Problem to work on ▸
How many of the lines below hold the word "Blue"? Answer only with the number.
(Beginning of Records)
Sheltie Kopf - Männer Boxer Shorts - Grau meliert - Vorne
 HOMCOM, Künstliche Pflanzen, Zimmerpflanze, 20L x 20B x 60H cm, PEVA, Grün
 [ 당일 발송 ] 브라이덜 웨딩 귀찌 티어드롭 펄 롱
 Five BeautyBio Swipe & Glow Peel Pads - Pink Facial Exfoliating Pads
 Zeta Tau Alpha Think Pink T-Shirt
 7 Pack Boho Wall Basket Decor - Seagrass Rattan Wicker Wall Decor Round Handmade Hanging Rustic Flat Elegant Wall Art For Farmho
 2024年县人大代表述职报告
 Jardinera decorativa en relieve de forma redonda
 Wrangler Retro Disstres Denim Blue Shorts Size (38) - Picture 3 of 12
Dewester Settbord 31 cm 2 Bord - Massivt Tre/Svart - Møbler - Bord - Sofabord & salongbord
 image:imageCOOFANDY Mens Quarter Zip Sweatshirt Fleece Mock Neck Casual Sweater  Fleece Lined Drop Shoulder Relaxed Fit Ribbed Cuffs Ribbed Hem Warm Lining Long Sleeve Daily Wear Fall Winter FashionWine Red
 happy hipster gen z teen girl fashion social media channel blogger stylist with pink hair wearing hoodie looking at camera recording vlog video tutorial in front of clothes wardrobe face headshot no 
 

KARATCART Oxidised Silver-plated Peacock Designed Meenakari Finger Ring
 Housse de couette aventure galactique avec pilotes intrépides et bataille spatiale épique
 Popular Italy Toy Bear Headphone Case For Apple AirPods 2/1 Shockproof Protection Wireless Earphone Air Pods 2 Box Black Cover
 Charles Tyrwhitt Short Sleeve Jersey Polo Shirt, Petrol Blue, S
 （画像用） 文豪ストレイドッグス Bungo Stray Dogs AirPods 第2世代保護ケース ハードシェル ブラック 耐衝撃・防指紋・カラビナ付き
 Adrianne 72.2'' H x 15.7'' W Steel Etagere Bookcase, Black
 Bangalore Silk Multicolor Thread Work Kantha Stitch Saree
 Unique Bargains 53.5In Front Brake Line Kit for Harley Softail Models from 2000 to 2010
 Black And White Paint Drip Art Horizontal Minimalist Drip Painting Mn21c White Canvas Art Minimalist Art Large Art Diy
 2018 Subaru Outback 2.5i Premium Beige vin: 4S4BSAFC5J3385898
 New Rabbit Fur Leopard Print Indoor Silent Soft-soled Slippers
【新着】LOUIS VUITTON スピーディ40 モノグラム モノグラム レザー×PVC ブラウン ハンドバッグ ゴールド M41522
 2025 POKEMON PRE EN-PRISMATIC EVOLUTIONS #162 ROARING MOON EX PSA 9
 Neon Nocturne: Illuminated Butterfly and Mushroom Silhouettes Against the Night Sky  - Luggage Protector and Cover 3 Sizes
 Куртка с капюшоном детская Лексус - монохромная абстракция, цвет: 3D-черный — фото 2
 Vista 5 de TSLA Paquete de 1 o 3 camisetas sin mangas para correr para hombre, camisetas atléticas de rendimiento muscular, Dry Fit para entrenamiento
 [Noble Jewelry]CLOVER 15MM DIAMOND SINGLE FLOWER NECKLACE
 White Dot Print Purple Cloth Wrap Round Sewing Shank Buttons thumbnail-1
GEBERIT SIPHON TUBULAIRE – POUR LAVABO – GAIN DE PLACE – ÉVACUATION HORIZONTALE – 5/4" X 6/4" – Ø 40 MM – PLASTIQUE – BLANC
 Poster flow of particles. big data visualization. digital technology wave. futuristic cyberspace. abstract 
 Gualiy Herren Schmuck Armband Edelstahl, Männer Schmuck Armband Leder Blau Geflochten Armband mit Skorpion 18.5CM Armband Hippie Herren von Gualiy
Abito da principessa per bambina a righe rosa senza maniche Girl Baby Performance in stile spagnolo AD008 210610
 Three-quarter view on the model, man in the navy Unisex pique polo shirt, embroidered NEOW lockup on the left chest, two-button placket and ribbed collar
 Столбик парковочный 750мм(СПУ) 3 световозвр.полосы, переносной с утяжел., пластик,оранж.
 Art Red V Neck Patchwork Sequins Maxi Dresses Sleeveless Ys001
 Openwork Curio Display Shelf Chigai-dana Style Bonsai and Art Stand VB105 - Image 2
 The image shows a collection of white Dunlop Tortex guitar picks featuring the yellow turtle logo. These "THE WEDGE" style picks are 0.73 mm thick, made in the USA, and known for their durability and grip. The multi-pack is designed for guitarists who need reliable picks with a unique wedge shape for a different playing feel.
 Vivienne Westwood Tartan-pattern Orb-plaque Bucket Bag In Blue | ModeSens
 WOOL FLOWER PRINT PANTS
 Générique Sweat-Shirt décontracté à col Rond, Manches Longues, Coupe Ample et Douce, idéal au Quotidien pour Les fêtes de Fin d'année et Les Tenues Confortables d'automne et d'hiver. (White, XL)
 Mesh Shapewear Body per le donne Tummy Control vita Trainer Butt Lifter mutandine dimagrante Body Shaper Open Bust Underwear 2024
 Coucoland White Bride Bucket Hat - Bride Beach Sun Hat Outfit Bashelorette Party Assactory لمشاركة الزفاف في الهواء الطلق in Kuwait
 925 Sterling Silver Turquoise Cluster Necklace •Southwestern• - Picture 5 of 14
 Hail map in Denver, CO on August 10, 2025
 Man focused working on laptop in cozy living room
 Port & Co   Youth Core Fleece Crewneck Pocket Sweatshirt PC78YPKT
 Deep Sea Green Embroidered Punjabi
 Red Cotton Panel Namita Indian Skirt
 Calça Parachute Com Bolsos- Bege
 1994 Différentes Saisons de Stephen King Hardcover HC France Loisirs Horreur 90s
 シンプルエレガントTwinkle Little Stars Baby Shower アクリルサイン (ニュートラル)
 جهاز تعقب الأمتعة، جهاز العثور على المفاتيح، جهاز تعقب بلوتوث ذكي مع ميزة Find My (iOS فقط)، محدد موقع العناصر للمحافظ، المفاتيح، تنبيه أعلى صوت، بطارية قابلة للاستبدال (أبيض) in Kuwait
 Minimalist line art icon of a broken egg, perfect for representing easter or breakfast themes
(End of Records)
Response area ▸
3